A meeting of the Islamic Educational, Scientific and Cultural Organization (ISESCO) which included several science and education ministers, agreed on the need of bolstering science and technology in the Muslim world and called for the allocation of at least one percent of gross domestic product to that end.

Ministers and heads of national delegations, addressing a plenary session, insisted on the need to bolster funding and issued proposals for the creation of an international fund to promote research, co-operation and training for developing countries. Some countries also argued that debt relief measures could provide funding for science.

The priorities of the Conference participants were reflected in the closing ceremony which featured addresses by the heads of the main Conference organisers, UNESCO Director-General Federico Mayor, and Werner Arber, President of the International Council for Science (ICSU), as well as the Chairman of the Conference, Hungarian Minister for Cultural Heritage Jozsef Hamori.

In his address Mr Mayor said: "We have to learn to practice democracy at a new level. A level where each party to the science-society relationship is a respected partner; where there is constant interaction between the natural and social sciences, where science communication becomes a process of two-way exchange between science and society, between science and the political authorities." He further pleaded for "a debate so intense, so creative, so ethically rigorous and so intellectually challenging that it comes to be seen as a social, political and [...] a scientific Renaissance."

Mr Mayor appealed on young people to realise that science can be "an outlet for their idealism, a vehicle for making ours a better world," but "first and foremost," he said, "the outcome of this Conference must impact directly on national politics." Turning to government officials present, he appealed on them to "put science on the political agenda and keep it there."

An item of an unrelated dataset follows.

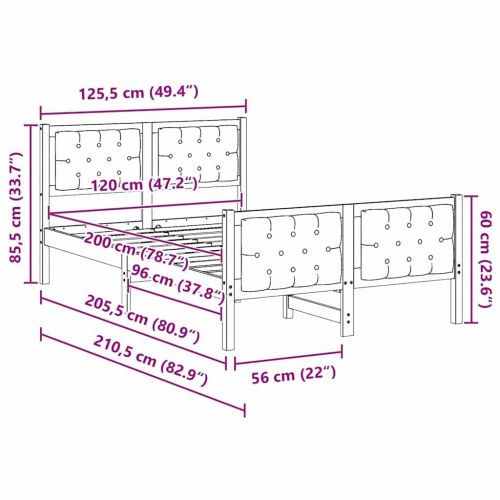 Sengestel 120 x 200 cm med sort hovedgærde i massiv fyrretræ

Mr Mayor struck an optimistic note as he spoke of the world's transition into the knowledge society: "For the first time ever, the key resource of humanity is not finite. We will never have to wage war over diminishing supplies of knowledge." But he warned that "knowledge is power and the temptation to control such a powerful resource will be greater than ever." He pointed out that today's communication technology offered the means "to share, disseminate and expand knowledge on a totally unprecedented scale," helping counter knowledge fragmentation.

Speaking of knowledge sharing, he emphasised the needs of less developed countries, "capacity building in the developing world must put emphasis on basic science more than on technology transfer, only this can put each country in charge of its applications of science and technology," he declared.

In his closing address, Mr Arber welcomed the Conference's contribution to gaining "recognition [for the fact that] science and its applications have cultural value and are relevant to the future development of our civilisations."

He spoke of the Conference's work to establish a "social contract" between science and society and pointed "to the mutual help and respect, the give-and-take" implied by the term. Mr Arber hoped "the Conference will help raise awareness of this contract" among scientists and society and that it "will pave the way into the future through a smooth process of evolution, [...] helping set the stage for what should be preserved and what should not be given priority," in scientific practices.

Mr Arber said he hoped the Conference will have helped the transition "towards peaceful and sustainable co-existence in harmony with the rest of humanity, the animate and inanimate world. We should use human intelligence to drive evolution in a responsible way," he declared.

The Conference was closed by Mr Hamori who declared that"the meeting we have just had was just a launching pad and our work will continue, hopefully in a better environment, involving many thousands of people and improving the lives of billions."